*TASK STATEMENT*. Reproduce the data that follows character for character, but omit its pictures.

*DATASET CONTENT*.
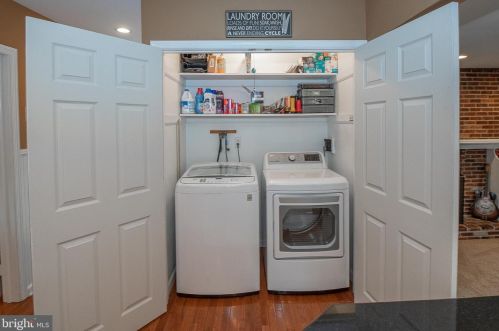 614 Westwind Dr, Berwyn PA  19312-1144 exterior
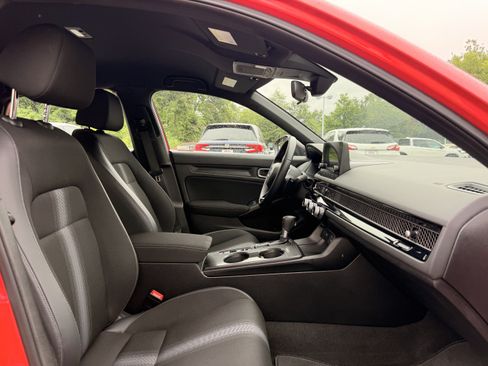 Used 2023 Honda Civic Sport image 12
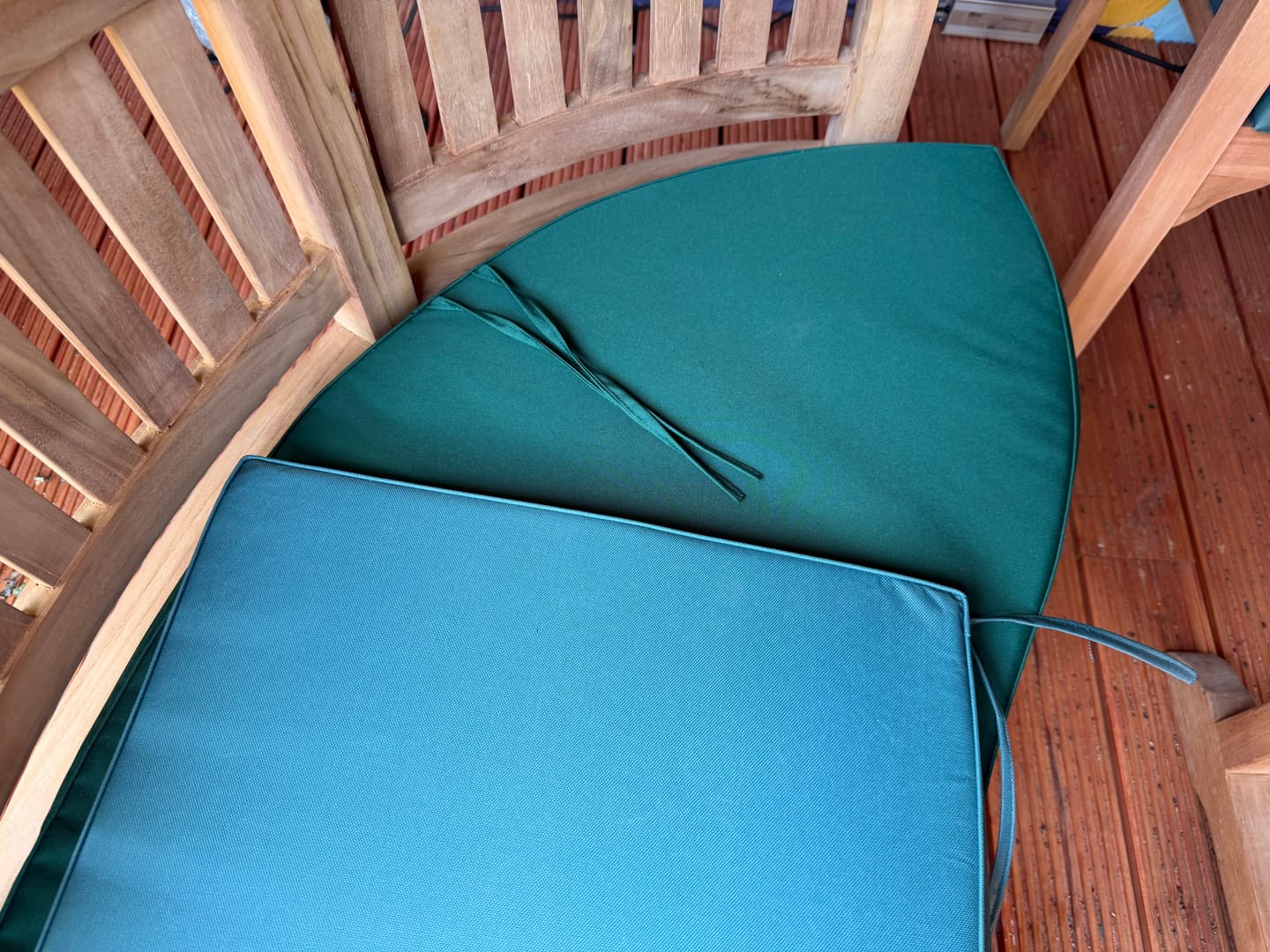 Customer photo review of Teak garden furniture 180-240cm extendable table 4cm top (6 Henley stacking chairs 2 San Francisco benches, Free Cushions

*SOLUTION*.
 614 Westwind Dr, Berwyn PA  19312-1144 exterior
 Used 2023 Honda Civic Sport image 12
 Customer photo review of Teak garden furniture 180-240cm extendable table 4cm top (6 Henley stacking chairs 2 San Francisco benches, Free Cushions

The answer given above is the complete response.